Безотцовщина после ленинско–сталинских репрессий. Безотцовщина после Великой Отечественной. После Афганистана. Безотцовщина не после, а сейчас, сегодня и завтра — от упражнений наших политиков в Чечне.
А многие ли вырастали у нас при дедушках? «Жили–были дед с бабой» — эту фразу прочитывали в русских сказках, но в реальности, в жизни, деда возле бабы мало кто из детишек видел.
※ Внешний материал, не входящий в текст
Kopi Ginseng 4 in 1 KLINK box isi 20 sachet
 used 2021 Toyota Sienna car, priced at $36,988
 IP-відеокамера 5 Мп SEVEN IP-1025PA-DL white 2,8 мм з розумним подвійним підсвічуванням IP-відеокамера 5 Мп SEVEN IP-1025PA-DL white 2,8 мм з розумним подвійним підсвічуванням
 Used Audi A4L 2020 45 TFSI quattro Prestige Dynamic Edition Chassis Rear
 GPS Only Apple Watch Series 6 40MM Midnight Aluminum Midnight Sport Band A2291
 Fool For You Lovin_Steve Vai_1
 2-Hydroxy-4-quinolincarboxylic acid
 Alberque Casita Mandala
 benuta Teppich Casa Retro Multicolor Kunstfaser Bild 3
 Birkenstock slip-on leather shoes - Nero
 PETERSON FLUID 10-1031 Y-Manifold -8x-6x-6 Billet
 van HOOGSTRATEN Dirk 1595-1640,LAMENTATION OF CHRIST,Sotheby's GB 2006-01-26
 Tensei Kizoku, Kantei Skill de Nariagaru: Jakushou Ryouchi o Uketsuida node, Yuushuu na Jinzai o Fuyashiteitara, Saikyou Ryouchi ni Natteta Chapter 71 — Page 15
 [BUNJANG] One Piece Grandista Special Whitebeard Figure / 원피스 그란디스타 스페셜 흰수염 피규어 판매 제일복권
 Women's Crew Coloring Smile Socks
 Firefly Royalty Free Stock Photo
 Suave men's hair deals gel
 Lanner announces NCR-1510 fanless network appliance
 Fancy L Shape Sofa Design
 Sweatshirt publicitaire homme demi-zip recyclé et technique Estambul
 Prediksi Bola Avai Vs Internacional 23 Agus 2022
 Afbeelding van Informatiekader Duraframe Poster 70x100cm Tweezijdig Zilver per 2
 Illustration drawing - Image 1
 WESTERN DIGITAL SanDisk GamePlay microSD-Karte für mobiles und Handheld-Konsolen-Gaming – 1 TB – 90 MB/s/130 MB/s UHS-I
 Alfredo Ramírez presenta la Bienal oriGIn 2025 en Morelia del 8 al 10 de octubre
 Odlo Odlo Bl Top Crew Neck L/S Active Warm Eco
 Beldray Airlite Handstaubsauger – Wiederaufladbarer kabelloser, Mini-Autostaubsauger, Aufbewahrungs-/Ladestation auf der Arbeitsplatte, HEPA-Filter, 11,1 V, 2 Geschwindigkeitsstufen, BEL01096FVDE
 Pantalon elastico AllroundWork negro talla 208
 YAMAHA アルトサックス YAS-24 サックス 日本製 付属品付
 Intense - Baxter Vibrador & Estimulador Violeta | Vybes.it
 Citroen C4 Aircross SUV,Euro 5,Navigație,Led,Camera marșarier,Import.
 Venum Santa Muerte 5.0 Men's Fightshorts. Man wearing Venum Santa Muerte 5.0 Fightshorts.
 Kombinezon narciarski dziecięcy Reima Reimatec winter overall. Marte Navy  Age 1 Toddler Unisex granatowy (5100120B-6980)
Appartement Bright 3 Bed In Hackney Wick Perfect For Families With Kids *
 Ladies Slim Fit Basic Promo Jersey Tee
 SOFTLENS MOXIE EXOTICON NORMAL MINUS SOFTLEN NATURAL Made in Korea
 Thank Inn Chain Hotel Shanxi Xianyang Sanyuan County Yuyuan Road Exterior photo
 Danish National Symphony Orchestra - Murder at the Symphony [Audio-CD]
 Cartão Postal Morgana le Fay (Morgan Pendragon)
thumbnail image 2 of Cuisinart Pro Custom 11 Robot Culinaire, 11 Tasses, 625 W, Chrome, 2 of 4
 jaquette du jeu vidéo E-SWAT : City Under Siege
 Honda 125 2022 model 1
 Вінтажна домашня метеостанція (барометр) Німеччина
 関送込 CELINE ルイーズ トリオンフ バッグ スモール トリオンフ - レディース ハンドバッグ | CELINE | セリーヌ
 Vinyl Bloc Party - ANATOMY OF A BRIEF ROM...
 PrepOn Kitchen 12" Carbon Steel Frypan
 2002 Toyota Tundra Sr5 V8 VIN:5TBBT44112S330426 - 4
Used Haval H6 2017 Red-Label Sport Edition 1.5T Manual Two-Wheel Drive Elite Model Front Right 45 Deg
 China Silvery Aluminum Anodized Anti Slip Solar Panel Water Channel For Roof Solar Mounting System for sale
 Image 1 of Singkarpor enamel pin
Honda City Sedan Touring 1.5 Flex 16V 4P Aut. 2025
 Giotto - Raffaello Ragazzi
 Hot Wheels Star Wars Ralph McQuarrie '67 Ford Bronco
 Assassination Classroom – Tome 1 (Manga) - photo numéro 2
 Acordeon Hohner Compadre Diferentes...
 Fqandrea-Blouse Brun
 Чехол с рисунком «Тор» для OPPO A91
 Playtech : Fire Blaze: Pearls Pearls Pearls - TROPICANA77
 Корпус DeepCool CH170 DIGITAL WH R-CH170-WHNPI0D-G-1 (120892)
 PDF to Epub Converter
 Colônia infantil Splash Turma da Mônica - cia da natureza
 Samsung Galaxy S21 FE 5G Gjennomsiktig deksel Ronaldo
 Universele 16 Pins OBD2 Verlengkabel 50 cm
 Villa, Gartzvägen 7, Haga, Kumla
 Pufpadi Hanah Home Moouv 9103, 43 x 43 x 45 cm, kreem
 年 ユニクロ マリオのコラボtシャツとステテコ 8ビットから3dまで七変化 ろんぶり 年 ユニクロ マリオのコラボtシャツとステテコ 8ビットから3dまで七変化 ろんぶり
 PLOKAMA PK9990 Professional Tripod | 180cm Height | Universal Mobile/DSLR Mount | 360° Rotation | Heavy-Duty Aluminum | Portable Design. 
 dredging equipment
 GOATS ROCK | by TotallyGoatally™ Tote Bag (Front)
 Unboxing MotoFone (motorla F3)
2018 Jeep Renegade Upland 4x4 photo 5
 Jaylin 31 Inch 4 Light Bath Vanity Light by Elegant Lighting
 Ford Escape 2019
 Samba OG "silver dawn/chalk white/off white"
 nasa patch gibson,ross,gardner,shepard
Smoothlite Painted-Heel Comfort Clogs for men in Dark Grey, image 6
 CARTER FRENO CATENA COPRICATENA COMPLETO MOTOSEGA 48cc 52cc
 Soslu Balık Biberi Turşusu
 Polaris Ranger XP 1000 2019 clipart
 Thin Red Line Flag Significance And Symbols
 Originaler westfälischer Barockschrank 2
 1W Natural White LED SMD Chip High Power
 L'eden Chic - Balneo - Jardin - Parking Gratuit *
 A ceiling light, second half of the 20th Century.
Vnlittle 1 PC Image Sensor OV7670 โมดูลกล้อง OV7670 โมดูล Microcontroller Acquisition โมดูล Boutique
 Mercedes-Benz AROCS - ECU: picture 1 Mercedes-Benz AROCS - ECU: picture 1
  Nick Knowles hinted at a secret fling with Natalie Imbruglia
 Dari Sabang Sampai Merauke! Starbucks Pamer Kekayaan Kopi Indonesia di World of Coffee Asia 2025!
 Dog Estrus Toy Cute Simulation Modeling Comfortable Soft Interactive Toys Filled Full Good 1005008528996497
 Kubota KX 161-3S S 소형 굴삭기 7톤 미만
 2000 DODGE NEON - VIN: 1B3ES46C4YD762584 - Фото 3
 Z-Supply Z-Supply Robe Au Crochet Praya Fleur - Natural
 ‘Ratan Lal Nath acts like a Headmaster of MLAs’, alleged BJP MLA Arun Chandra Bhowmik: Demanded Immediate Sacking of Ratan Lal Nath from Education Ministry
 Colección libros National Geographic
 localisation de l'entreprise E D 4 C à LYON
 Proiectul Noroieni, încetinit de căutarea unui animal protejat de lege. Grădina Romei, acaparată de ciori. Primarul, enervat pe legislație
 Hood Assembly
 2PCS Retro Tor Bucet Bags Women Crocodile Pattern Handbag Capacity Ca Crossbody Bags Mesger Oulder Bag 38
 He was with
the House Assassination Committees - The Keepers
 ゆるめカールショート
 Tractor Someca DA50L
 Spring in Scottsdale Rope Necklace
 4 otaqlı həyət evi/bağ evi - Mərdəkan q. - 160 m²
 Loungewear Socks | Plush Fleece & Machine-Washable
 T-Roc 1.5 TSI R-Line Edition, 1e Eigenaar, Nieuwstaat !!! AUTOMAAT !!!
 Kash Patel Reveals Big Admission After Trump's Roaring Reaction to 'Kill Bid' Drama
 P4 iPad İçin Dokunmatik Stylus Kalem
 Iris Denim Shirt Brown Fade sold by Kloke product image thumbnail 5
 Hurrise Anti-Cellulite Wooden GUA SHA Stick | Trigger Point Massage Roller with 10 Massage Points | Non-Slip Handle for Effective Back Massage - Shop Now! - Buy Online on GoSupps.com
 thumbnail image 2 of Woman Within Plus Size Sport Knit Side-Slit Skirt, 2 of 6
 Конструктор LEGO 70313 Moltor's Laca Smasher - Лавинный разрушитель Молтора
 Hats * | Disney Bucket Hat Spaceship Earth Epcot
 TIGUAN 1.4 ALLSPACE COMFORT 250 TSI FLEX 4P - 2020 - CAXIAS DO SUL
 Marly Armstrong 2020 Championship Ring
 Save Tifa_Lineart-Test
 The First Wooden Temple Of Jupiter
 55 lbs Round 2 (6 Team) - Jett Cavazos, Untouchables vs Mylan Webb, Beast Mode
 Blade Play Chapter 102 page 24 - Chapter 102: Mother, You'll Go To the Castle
Миллионы мальчиков и девочек вырастали в России, не зная — что это — ладонь дедушки, погладившая тебя по голове.
Бабское воспитание — оно вроде бы и не плохо, и никто ещё от него не умирал, но это же не–нор–маль–но! Кто–нибудь из учёных задумывался над этой проблемой, изучал её — последствия для страны от исключительно однополого воспитания детей? Может, потому никогда в России и не выберут в президенты женщину, ту же Хакамаду, что засело в массе народной — пусть будет плохонький, да мужик. Вот и выбирают плохоньких, а потом спрашивают сами себя: — и чего это мы так живём — не как люди?
Меня воспитывала мать. И меня и отца. У них, у женщин, это где–то, видимо, запрограммировано. Они воспитывают своих детей и перевоспитывают мужей. Потому что обычно мужчина приходит в супружескую жизнь с массой недостатков, которые потом женщине приходится в нём всю жизнь исправлять. Каждая женщина в своей семье — Пигмалион. Другой вопрос, что ни один из недостатков в муже ей так и не удаётся исправить — это — как лечить горбатого, но женщина старается, подчас до изнеможения, не глядя, расходуя на это миллионы своих нервных клеток.